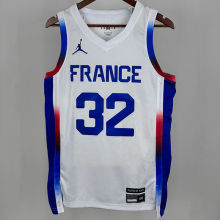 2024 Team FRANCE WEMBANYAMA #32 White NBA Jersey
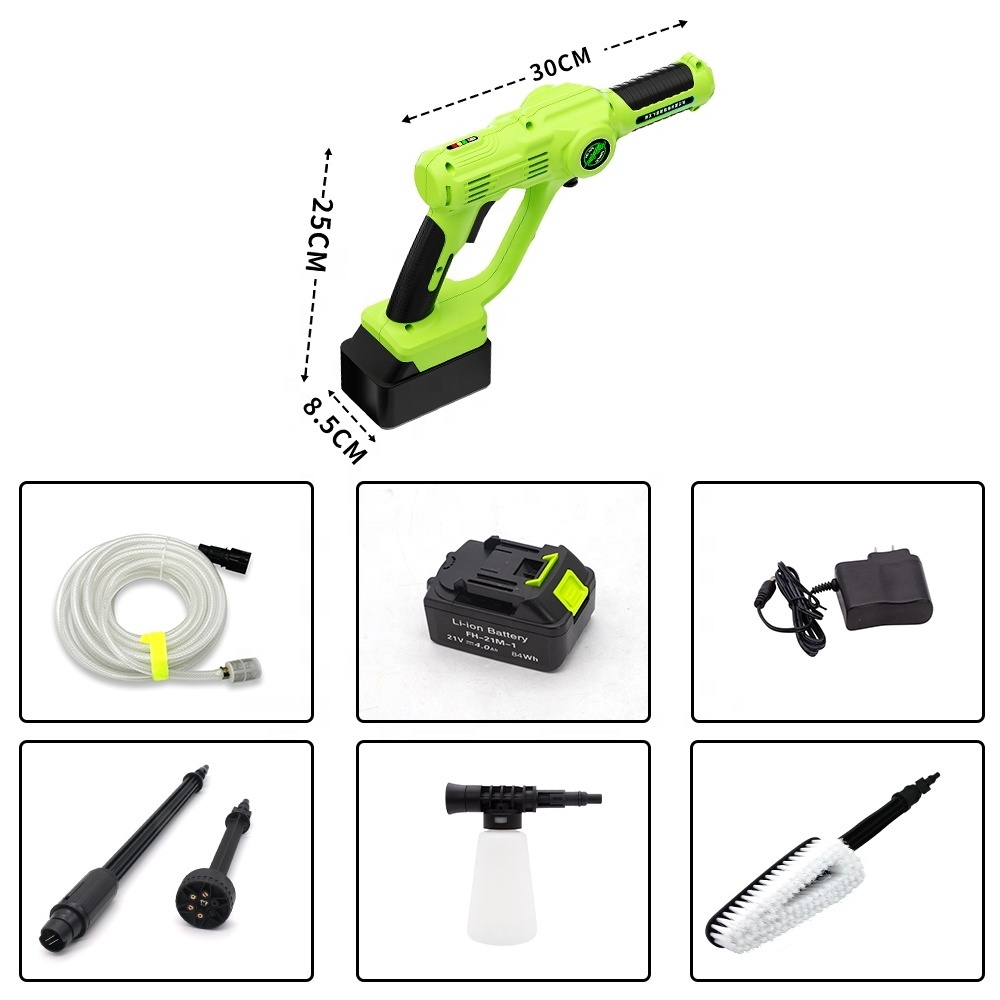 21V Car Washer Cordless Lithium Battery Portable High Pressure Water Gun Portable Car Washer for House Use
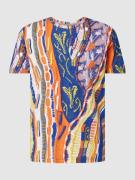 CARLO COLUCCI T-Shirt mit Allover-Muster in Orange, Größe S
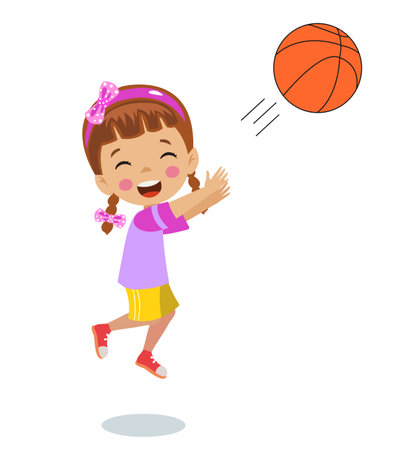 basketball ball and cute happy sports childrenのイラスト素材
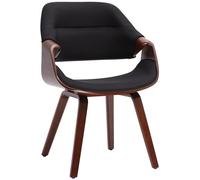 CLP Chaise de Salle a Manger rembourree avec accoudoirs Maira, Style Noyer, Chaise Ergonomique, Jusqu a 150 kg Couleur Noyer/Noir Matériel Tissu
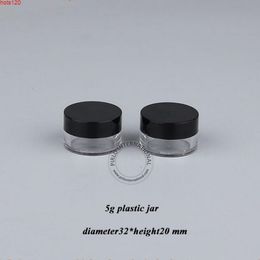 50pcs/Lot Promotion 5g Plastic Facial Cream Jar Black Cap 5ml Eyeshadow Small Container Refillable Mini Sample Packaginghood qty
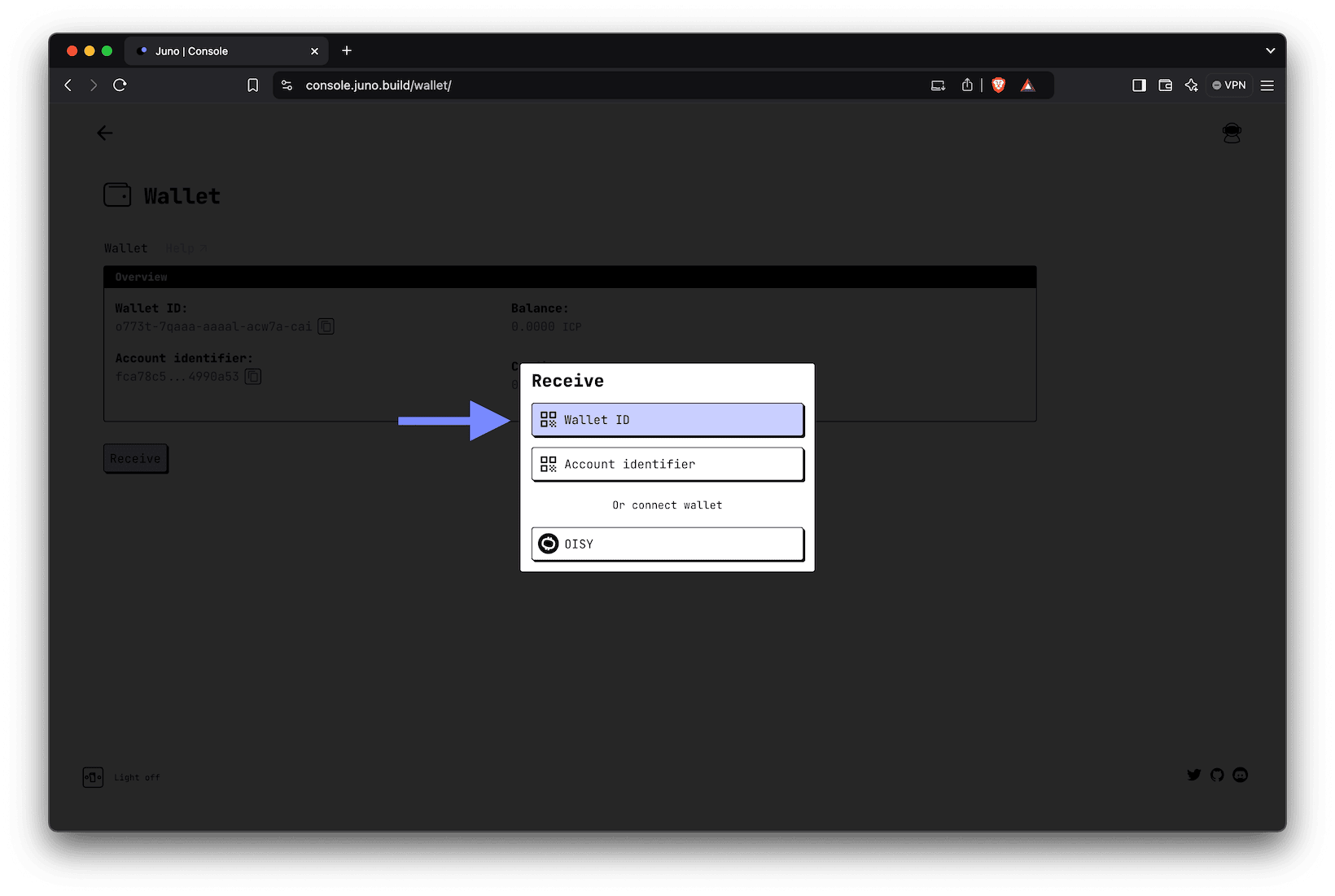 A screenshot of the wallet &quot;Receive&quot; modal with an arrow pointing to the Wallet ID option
- - - - -
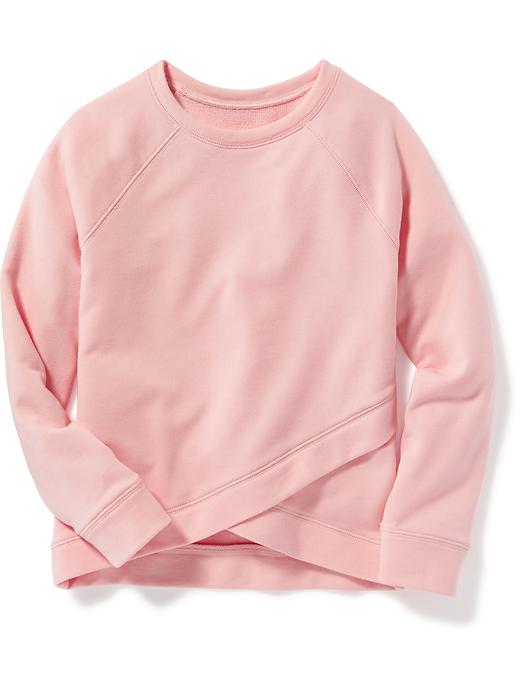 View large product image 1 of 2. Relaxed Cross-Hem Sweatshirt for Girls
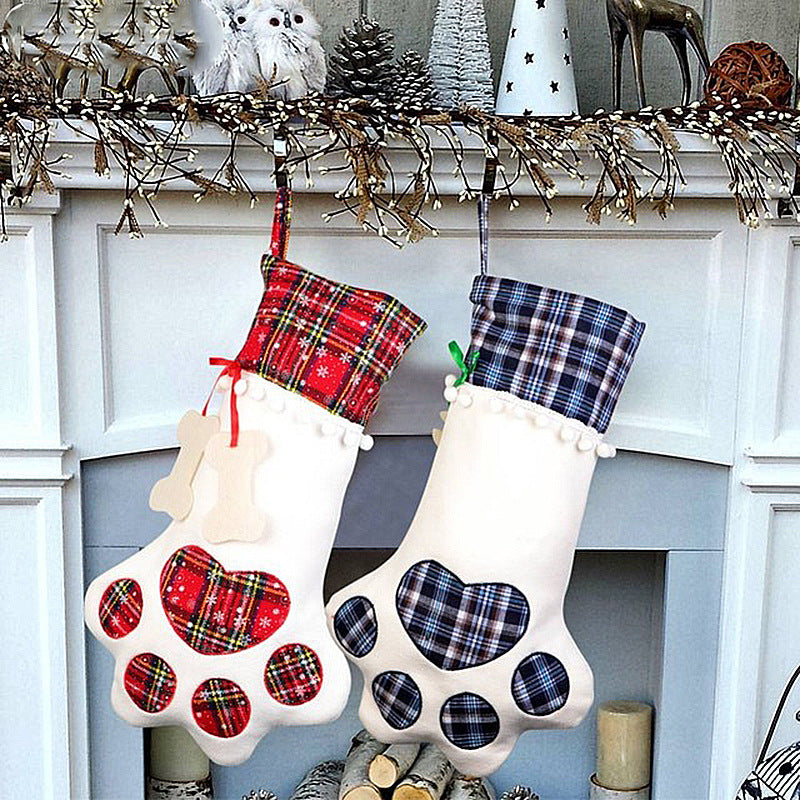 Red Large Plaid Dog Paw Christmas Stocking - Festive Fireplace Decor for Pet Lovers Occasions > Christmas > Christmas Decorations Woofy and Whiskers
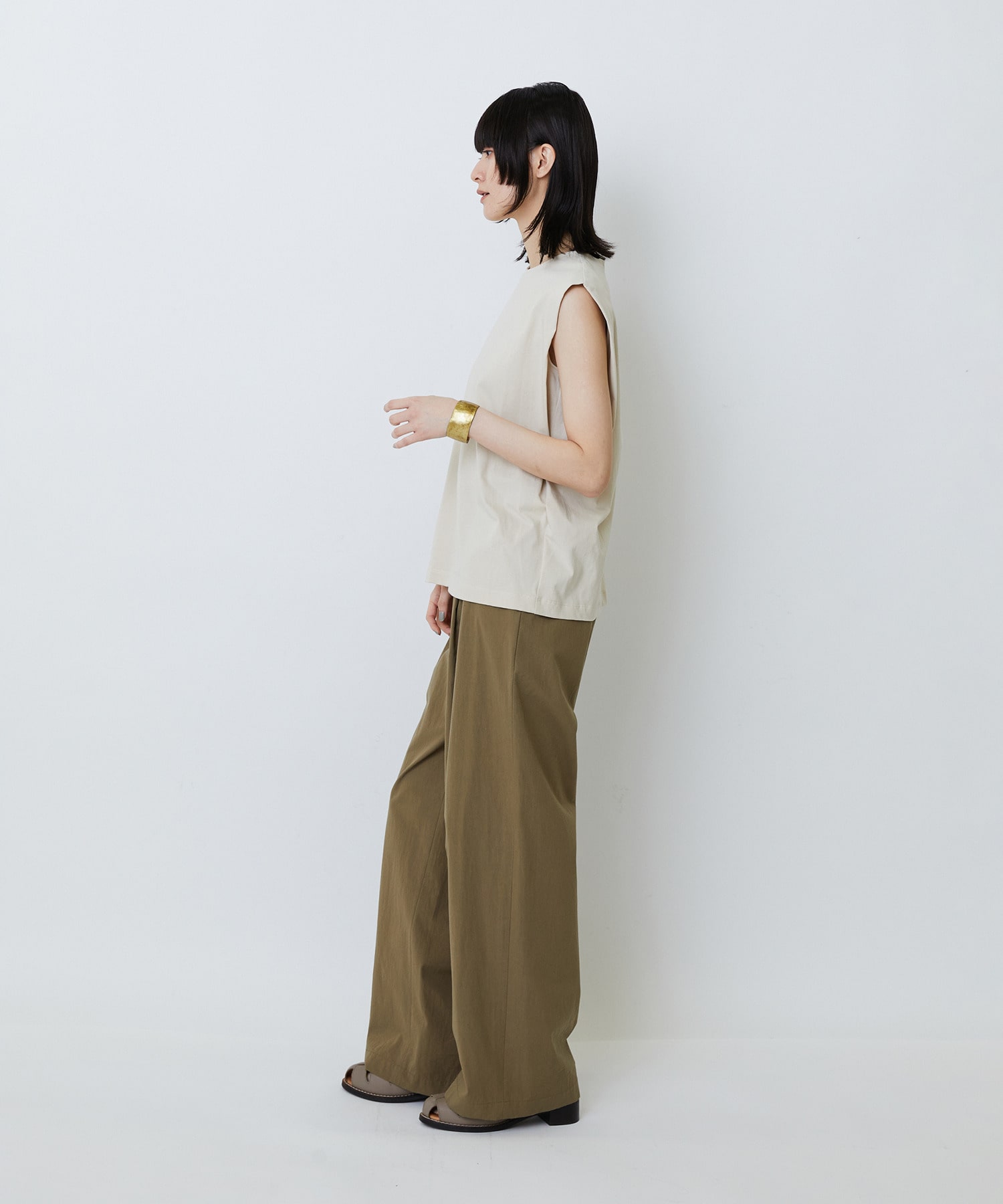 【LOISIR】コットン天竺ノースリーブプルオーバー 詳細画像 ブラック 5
- - - - -
• **Task goal**:
Set the pictures aside and reproduce exactly the lines above, from the line holding "2024 Team FRANCE" through the line holding "50pcs/Lot Promotion 5g", both included, with nothing else.

• **Your solution**:
 2024 Team FRANCE WEMBANYAMA #32 White NBA Jersey
 21V Car Washer Cordless Lithium Battery Portable High Pressure Water Gun Portable Car Washer for House Use
 CARLO COLUCCI T-Shirt mit Allover-Muster in Orange, Größe S
 basketball ball and cute happy sports childrenのイラスト素材
 CLP Chaise de Salle a Manger rembourree avec accoudoirs Maira, Style Noyer, Chaise Ergonomique, Jusqu a 150 kg Couleur Noyer/Noir Matériel Tissu
 50pcs/Lot Promotion 5g Plastic Facial Cream Jar Black Cap 5ml Eyeshadow Small Container Refillable Mini Sample Packaginghood qty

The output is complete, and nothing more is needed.